## Task prompt
Could you set down the listing below exactly and omit its images?

***** Provided material *****

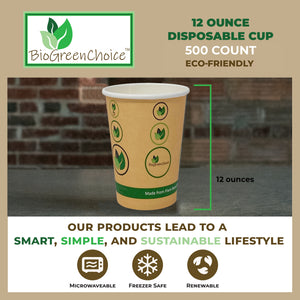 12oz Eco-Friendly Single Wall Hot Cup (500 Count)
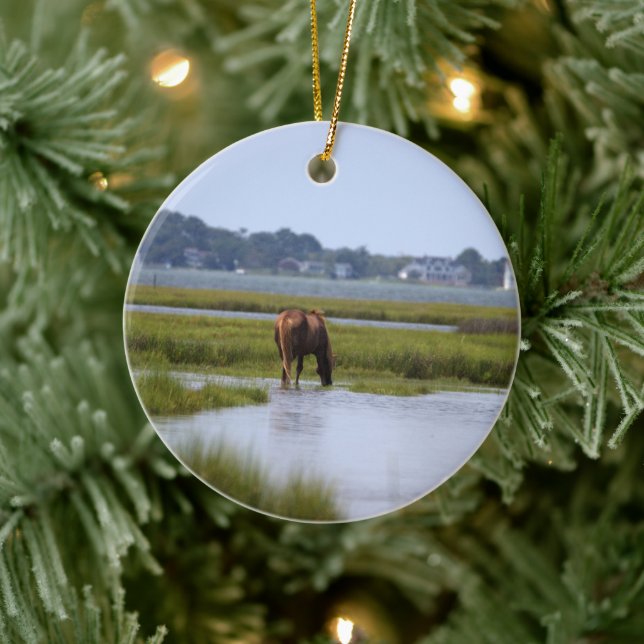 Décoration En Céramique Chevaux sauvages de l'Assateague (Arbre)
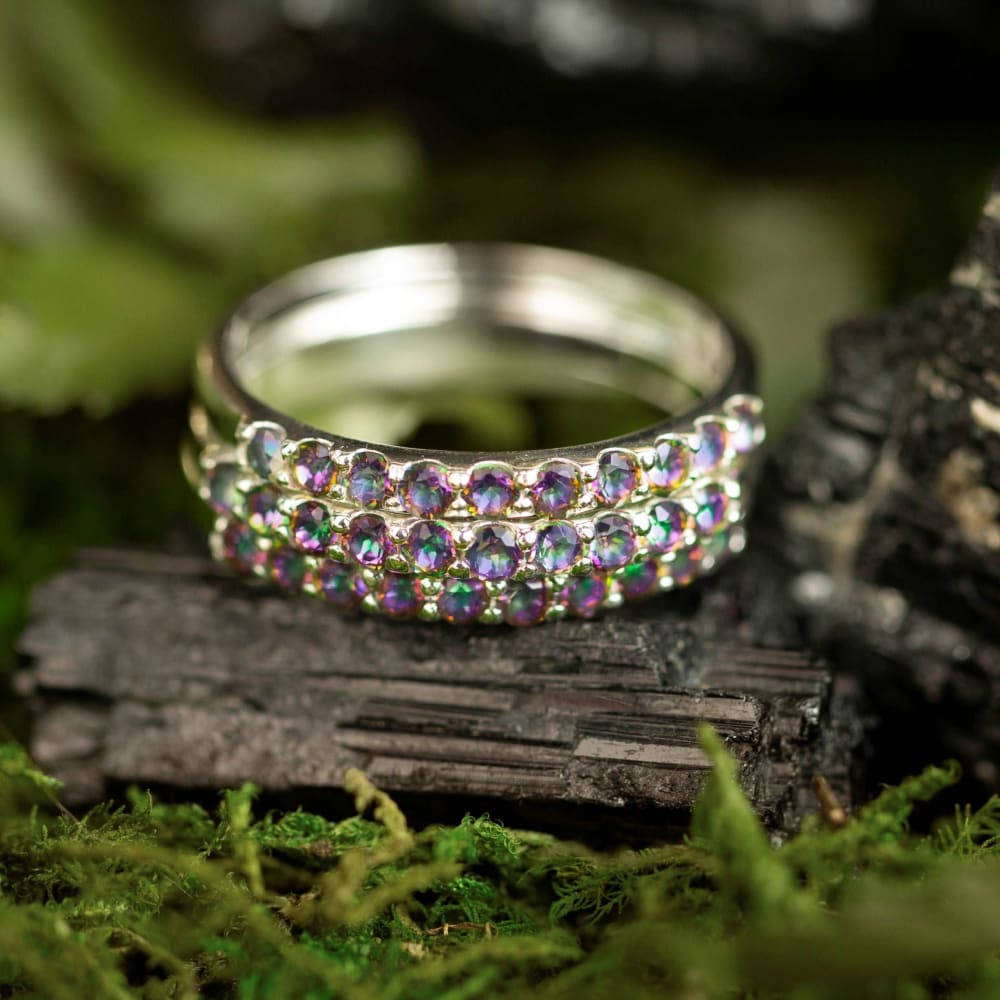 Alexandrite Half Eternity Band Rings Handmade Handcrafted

*****

## Response to this task
 12oz Eco-Friendly Single Wall Hot Cup (500 Count)
 Décoration En Céramique Chevaux sauvages de l'Assateague (Arbre)
 Alexandrite Half Eternity Band Rings Handmade Handcrafted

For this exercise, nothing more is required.